What you have to do:
For every line in the material, output its text exactly and exclude any image it holds.

Source material:
*** Block opens ***

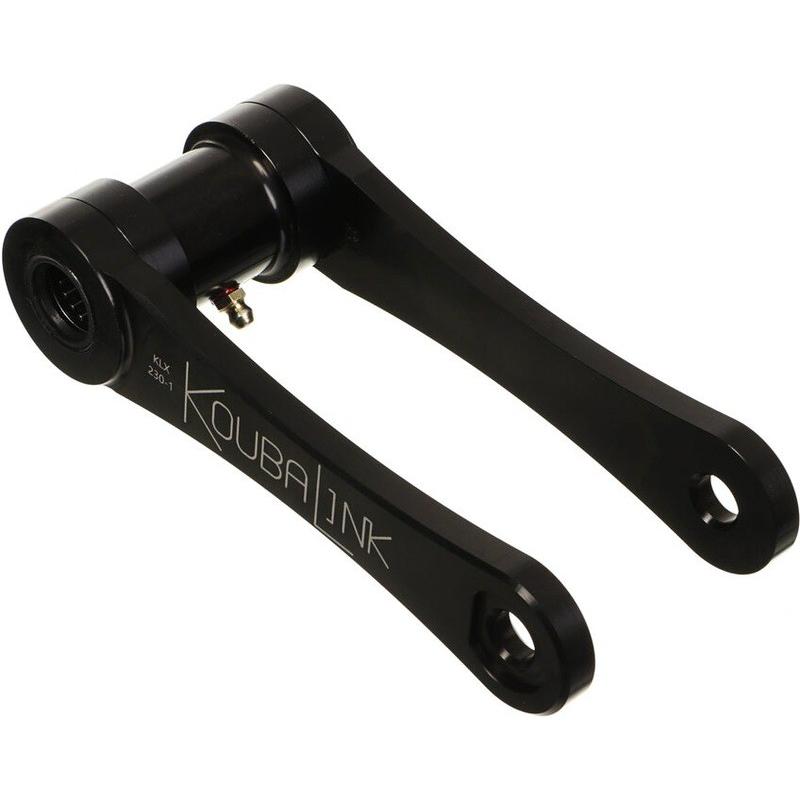 Kit de rabaissement de selle KOUBALINK (19.1 - 57.2 mm) noir - Kawasaki KLX230 Dual Sport / 230R Kit de rabaissement de selle KOUBALINK (19.1 - 57.2 mm) noir - Kawasaki KLX230 Dual Sport / 230R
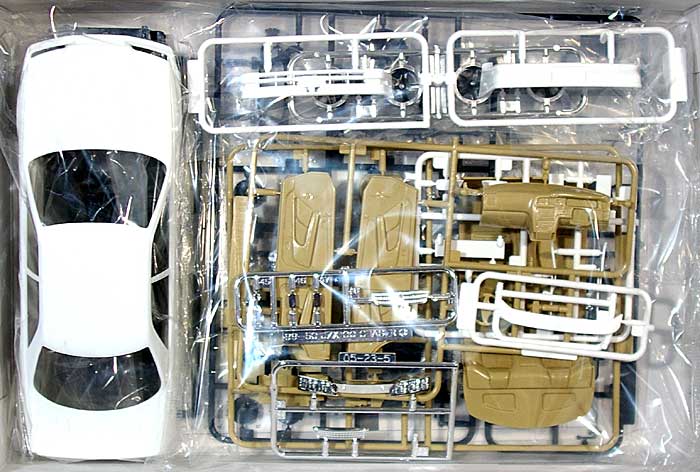 マーク 2 ツアラー V (JZX100) プラモデル (アオシマ 1/24 ザ・ベストカーGT No.067) 商品画像_1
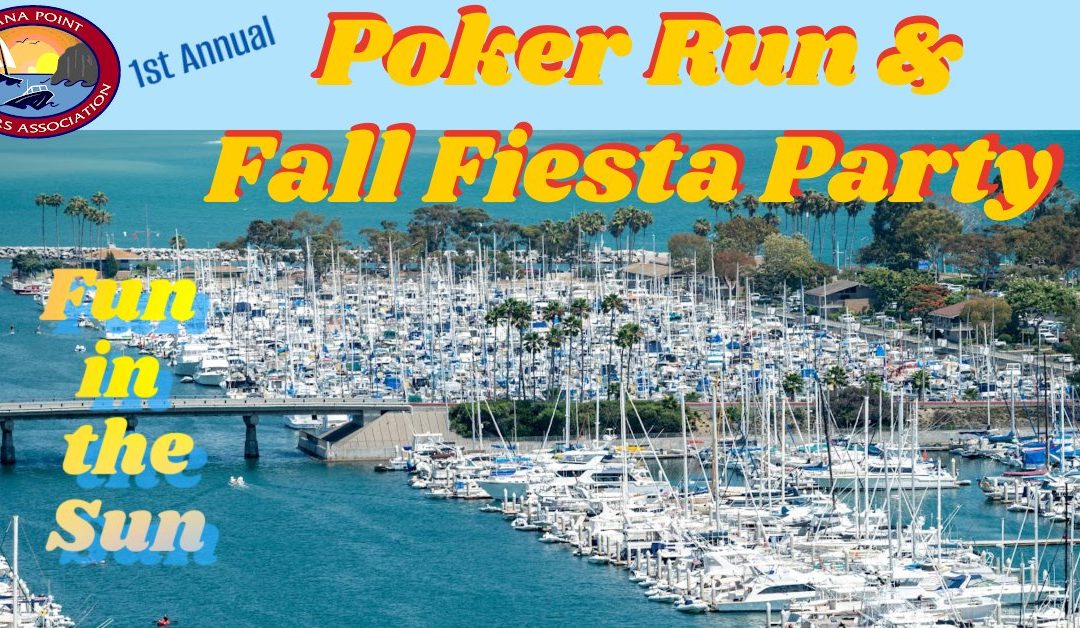 1st Annual Poker Run and Fall Fiesta Party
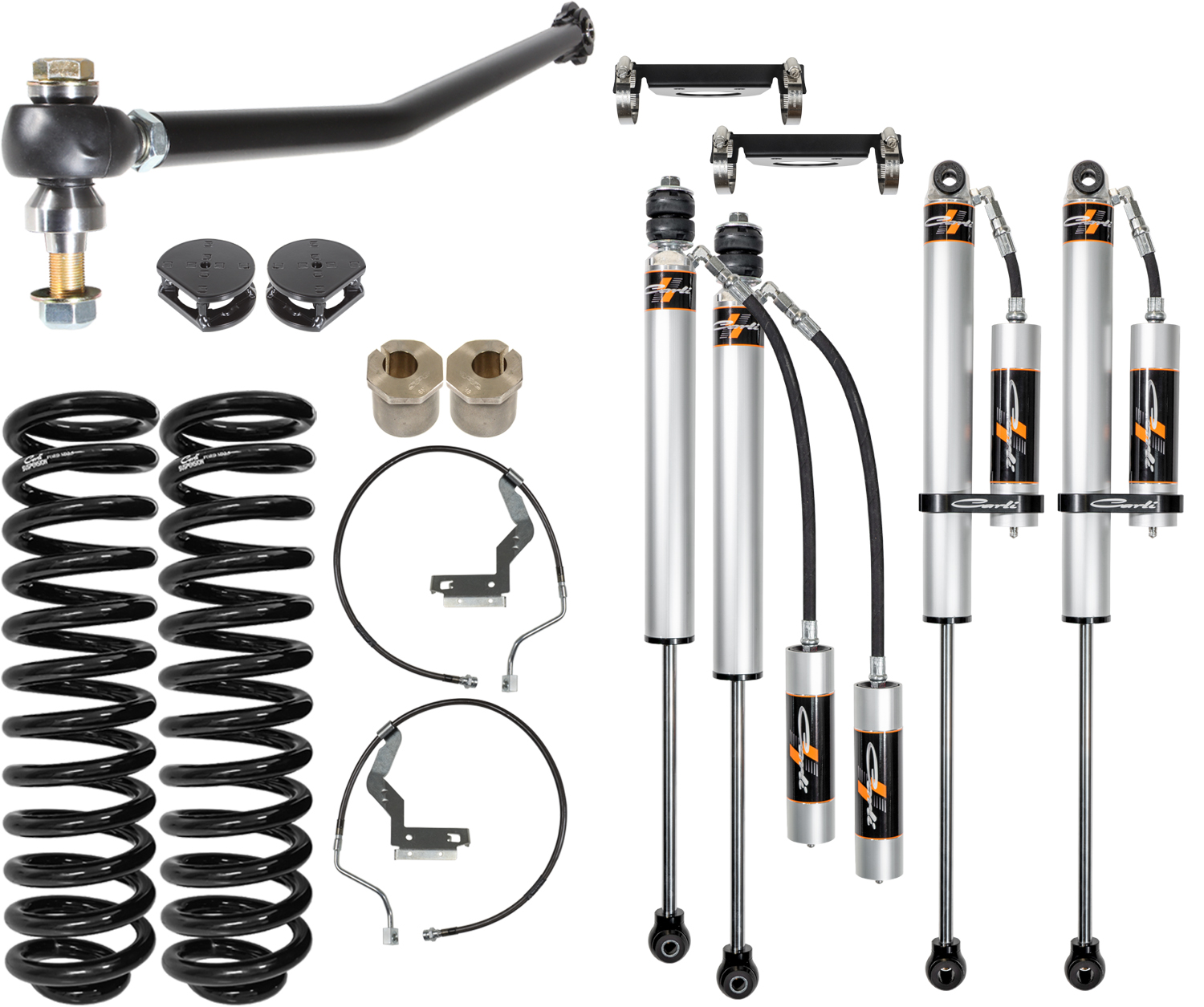 Carli Suspension 2017-2022 Ford Super Duty Backcountry System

*** Block closes ***

Result for this exercise:
 Kit de rabaissement de selle KOUBALINK (19.1 - 57.2 mm) noir - Kawasaki KLX230 Dual Sport / 230R Kit de rabaissement de selle KOUBALINK (19.1 - 57.2 mm) noir - Kawasaki KLX230 Dual Sport / 230R
 マーク 2 ツアラー V (JZX100) プラモデル (アオシマ 1/24 ザ・ベストカーGT No.067) 商品画像_1
 1st Annual Poker Run and Fall Fiesta Party
 Carli Suspension 2017-2022 Ford Super Duty Backcountry System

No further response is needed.